KedaiPena.Com – Bank Indonesia (BI), Otoritas Jasa Keuangan (OJK) dan Majelis Ulama Indonesia (MUI) mengimbau kepada masyarakat untuk berhati-hati dalam berinvestasi bitcoin.
Ketiga lembaga tersebut menilai bitcoin adalah instrumen yang belum memiliki regulasi yang jelas dan fluktuasi nilai tukarnya sangat tinggi.
Dekan Fakultas Teknologi Informasi Perbanas, Dr. Harya Widiputra mengaku, setuju dengan pernyataan yang disampaikan oleh ketiga lembaga berbeda tersebut. Menurutnya, keberadaan bitcoin sebagai alat transaksi memang tidak sah.

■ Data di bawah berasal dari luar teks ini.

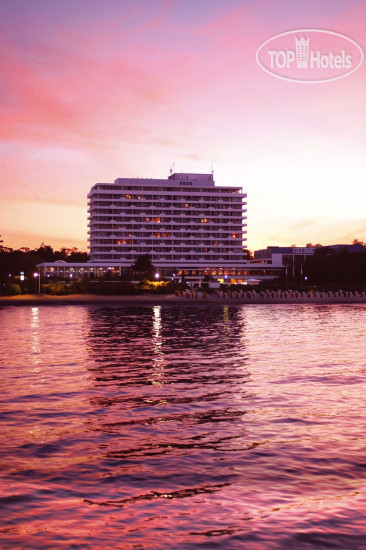 Hotelier's photos Maritim Hotel Seehotel 4*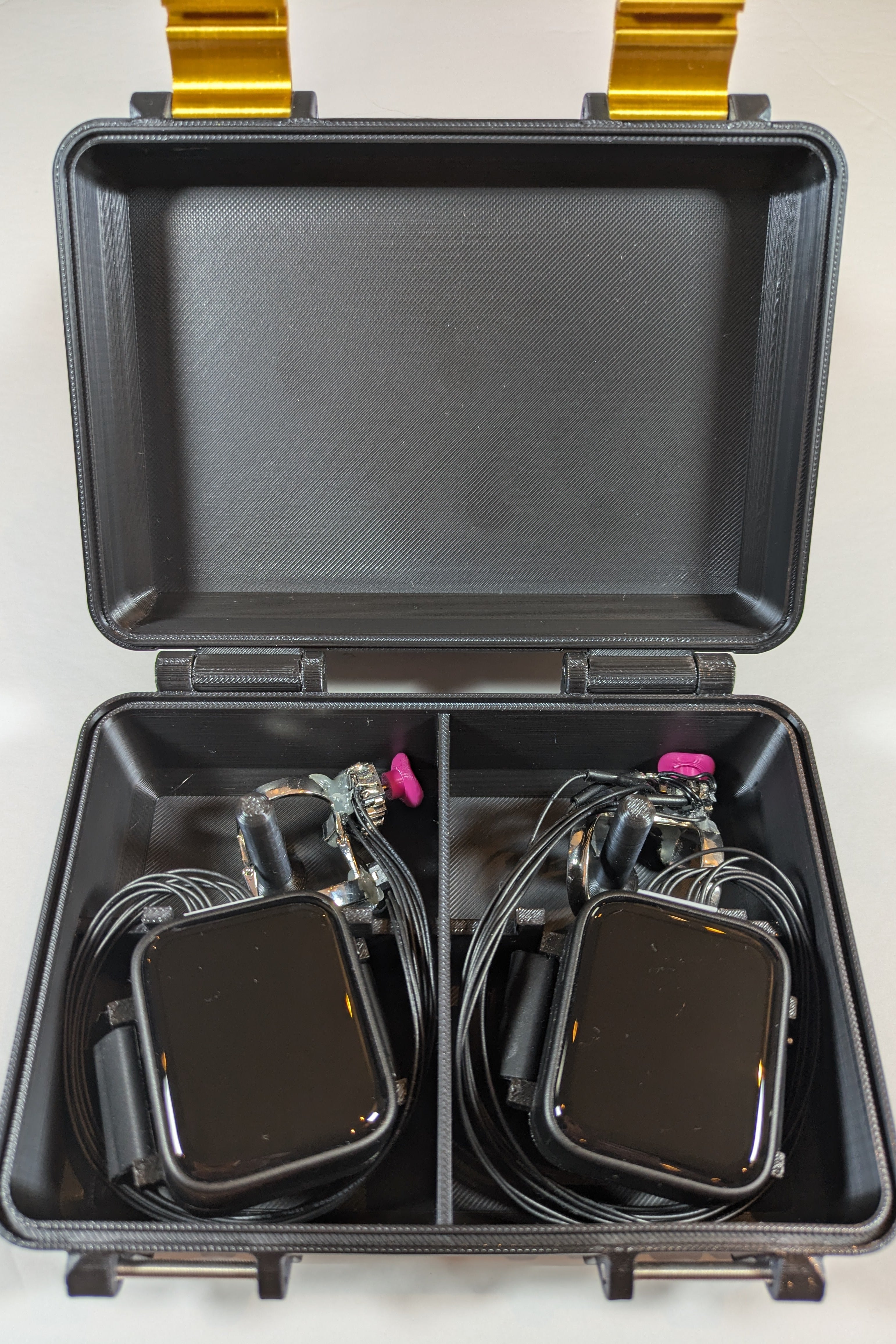 CyberFinger v1.0-beta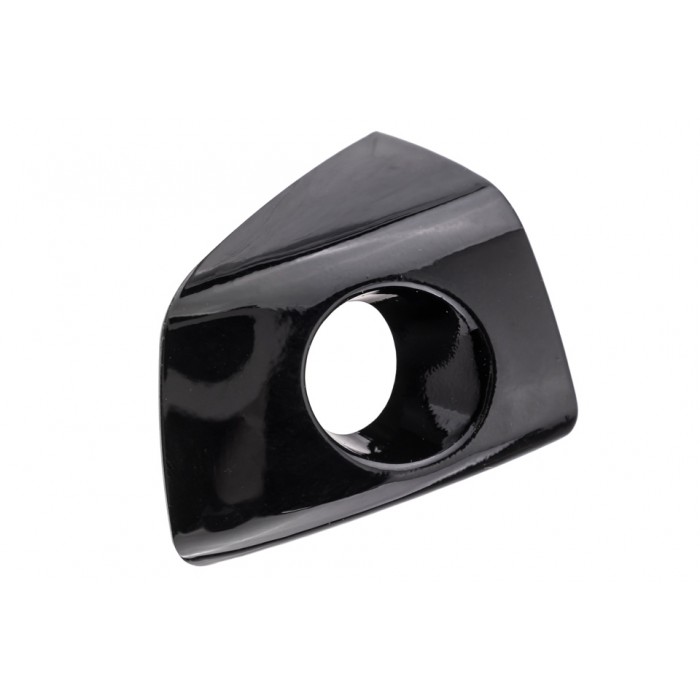 Cache Finition Poignée de Porte Avant Gauche Pour Audi A6 A7 A8 4H1837879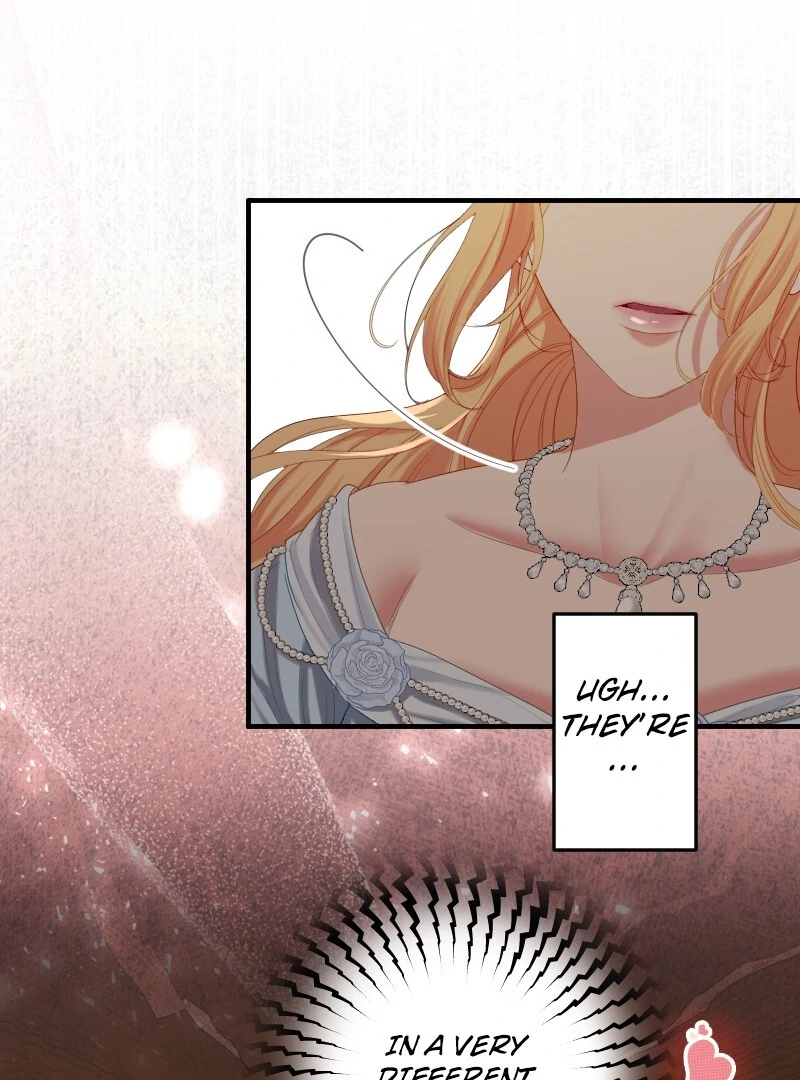 Absolute Love Enforcement The Reason Why a Female Soldier Became The Beloved Character in Her New Life Chapter 6 - Page 62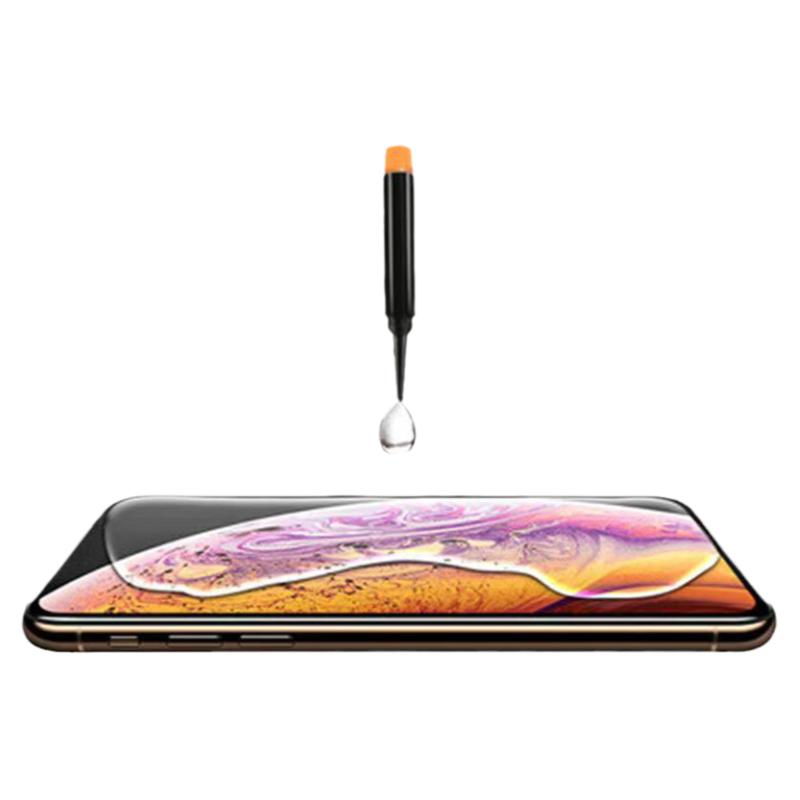 iPhone14UV手机钢化膜苹果13pro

“Ya sebenarnya tidak hanya bitcoin, alat transaksi keuangan apapun selain rupiah ya tidak sah. Kalau, diatur oleh UU kita, alat pembayaran yang sah adalah rupiah,” ujar Harya saat dihubungi KedaiPena.Com, Minggu (24/12).
“Meskipun transaksi rupiah bisa saja dilakukan melalui berbagai media, seperti kartu kredit, kartu debit, e-money atau transaksi via internet dan sms banking yang tidak ada fisik uangnya. Namun tetap dalam rupiah,” sambung dia.
Selain tidak sah sebagai alat transaksi, kata Harya, bitcoin juga tidak bisa dijadikan sebuah komoditas. Sebab pergerakan harga bitcoin sangat fluktuatif. Tidak seperti emas, yang mudah untuk diinvestasikan.
“Di sini ada aspek judi atau ‘gambling’ timbul. Makanya, MUI juga mencegah karena aspek investasinya adalah ‘gambling’ dari fluktuasi nilai bitcoin, beda dengan komoditas umumnya,” imbuh Harya.
Tidak hanya itu, lanjut Harya, ketidakjelasan atas asal usul bitcoin dan pergerakannya yang sangat fluktuatif juga membawa risiko yang tinggi. Oleh sebab itu, Harya juga meminta masyarakat untuk menghindari bitcoin.
“Bentuk transaksi keuangan tentunya bisa berubah menjadi digital, tapi tetap dengan mata uang yang sudah dikenal dan disahkan oleh negara. Berbeda peredaran bitcoin yang tidak jelas siapa regulatornya. Disini lah masalah utama menurut saya,” pungkas Harya.